Caleb Williams NFL draft summary: high-risk, high-reward

Caleb at his best makes unreal plays. Caleb at his worst tries to do too much. It’s a tension he must resolve.

Caleb Williams is a human highlight reel. We saw him at USC for two seasons and watched him dazzle us with his flair for improvisation and his knack for sensing pressure in the pocket. So many times, he made something out of nothing. He found a creative angle in which to throw the ball. He turned good pass rushers into desperate, frustrated chasers.

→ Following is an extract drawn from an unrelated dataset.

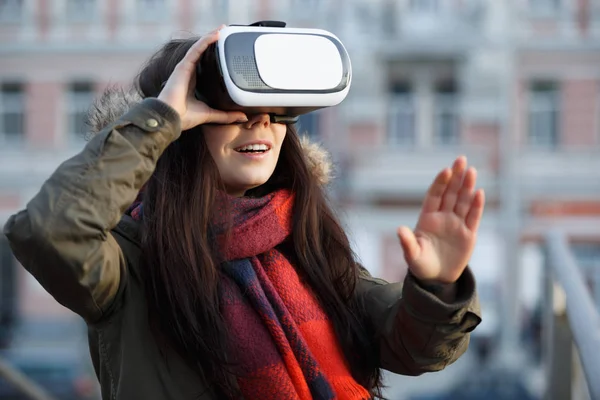 Juego Femenino Joven Con Gafas Realidad Virtual Súper Cool Para —  Fotos de Stock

Caleb Williams sealed the 2022 Heisman Trophy with his masterful performance against Notre Dame. A good Irish defense with tough and proven defensive linemen did not play horribly, but Caleb was able to elude pass rushers all night long with his sixth sense in the pocket. The Irish simply could not bring him down, and Caleb bought time before making a surgical downfield pass. USC hammered the Irish and notched their 11th win of the 2022 season, clinching a New Year’s Six bowl berth. That was the best of Caleb Williams. A few weeks later, he lifted the Heisman in New York.

In 2023, Caleb still had his moments, particularly the 42-point showing against eventual Pac-12 champion and national runner-up Washington. However, we also saw more plays in which trying to make a brilliant play led to a fumble. Williams didn’t throw the short checkdown. He didn’t make the simple play. He tried to do too much. This is the risk-reward tension for Caleb, and it’s what NFL teams need to evaluate heading into the 2024 NFL draft.